Dora probably does this to spite herself. It's her playing cards against her brother all over again, revealing her hand just by breathing or something. She lacks the ability to hide, to disguise. She feels like the air blares loud with the undercurrent of their conversation. Vathelan was going to read it just like Eiverlyn could read a person's history just by analyzing their clothes. Unable to stop herself, her stare flickers to Kirital. Was it written all over her face, the uncertainty? She takes up the map, a safe port in a storm. "We've got good odds. Surviving, I mean."

 

“Indeed.” The Magister gives a small nod, it was uncertain if he could see through her weak façade or not. “Thank you for your time, Lady Arath’dorei.” He moves to stand up from his chair. His eyes looked over his dear first friend. “We’ll get through this. Together. And… perhaps we can have our discussions over dinner?”

 

"I'm starving."  Kirital laughs.
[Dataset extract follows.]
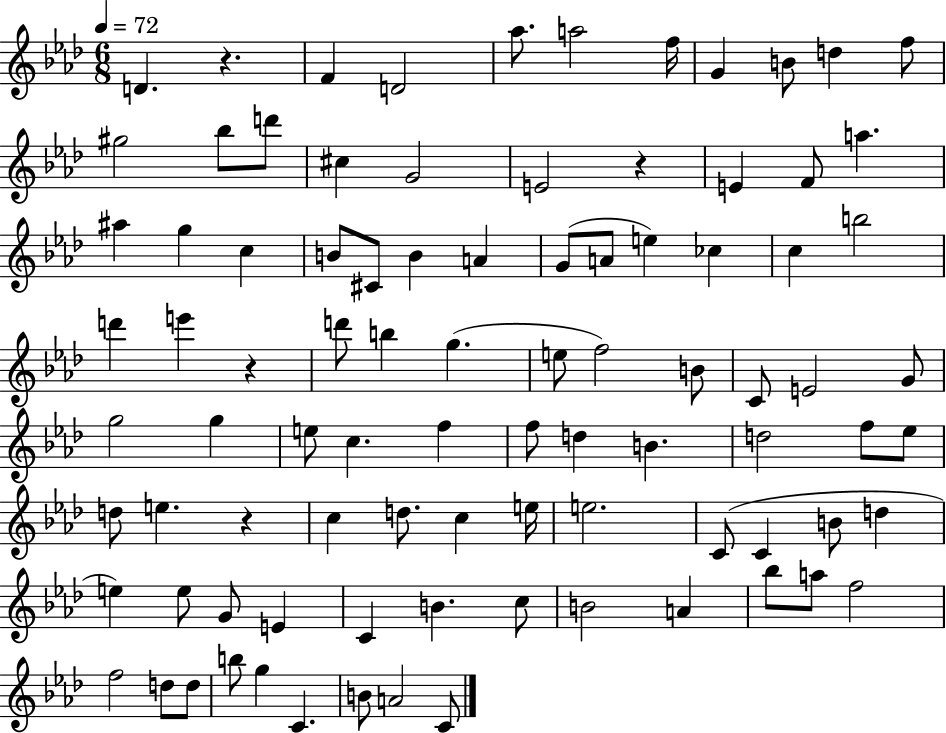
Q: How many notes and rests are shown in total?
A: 90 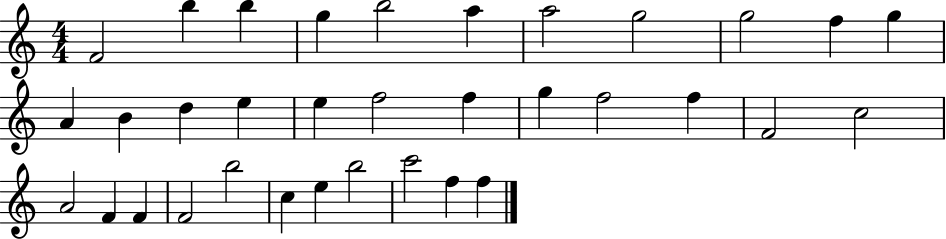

Overall he seems to not own a care in the world, or at least doesn't let such bother him.  There is a disarming quality that hangs about him as loosely as his attire. "So I'm game for anything." He does take a few steps back as his input ends.


 

Just like that, the bubble of tension breaks. Unconsciously, she aims a half grin Kirital's way. "Well, you're free to have dinner in the mess hall if you want. We've got a pretty decent chef...and yeah," she meets Vathelan's eyes, easy confidence returned to her. "Dinner after the battle is fine too."

 

Vathelan held the door open for the bodyguard, his eyes glancing back at his first and dear friend. The smile started warm, encouraging as she regained her confidence. “Thank you, Lady Arath’dorei.” The gaze lingered for a moment, the smile faded before contact was completely broken. He shut the door behind him and his companion without a word further.